SPP 1835: Kooperativ interagierende Automobile/en
Situation assessment and semantic maneuver planning under consideration of uncertainties for cooperative vehicles
An automated, cooperative car must take decisions in a highly dynamic, interacting and only partially observable environment. So far, existing approaches are limited by considering situations only from an egocentric perspective and without considering cooperation aspects with and between other road users. Moreover, due to the high complexity in general only few, often predefined situation aspects are considered.In this project, probabilistic methods for situation awareness and -prediction, as well as the cooperative behavior decision within real traffic and with explicit consideration of cooperation are explored.

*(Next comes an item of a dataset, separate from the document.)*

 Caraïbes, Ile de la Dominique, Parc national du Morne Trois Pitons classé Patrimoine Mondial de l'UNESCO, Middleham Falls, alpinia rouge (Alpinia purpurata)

These are based on the results of the cooperative perception and give input to the cooperative trajectory planning.The inference of relations and interactions between road users with different cooperation levels, in heterogeneous traffic, is addressed by an object-oriented probabilistic relational approach. Especially by considering implicit cooperation the situation assessment will lead to a reasonable behavior. To anticipate the consequences of own maneuvers under uncertainty and cooperation, the cooperative behavior decision has to be formulated as an extended markov decision process. The definition of the planning space as an abstract, semantic space, reduces the complexity for the planning algorithm.For evaluation, a new simulation method will be explored. It automatically derives behaviors of cooperative road users from existing sensor records and synthesis them according to the behavior of the test vehicle.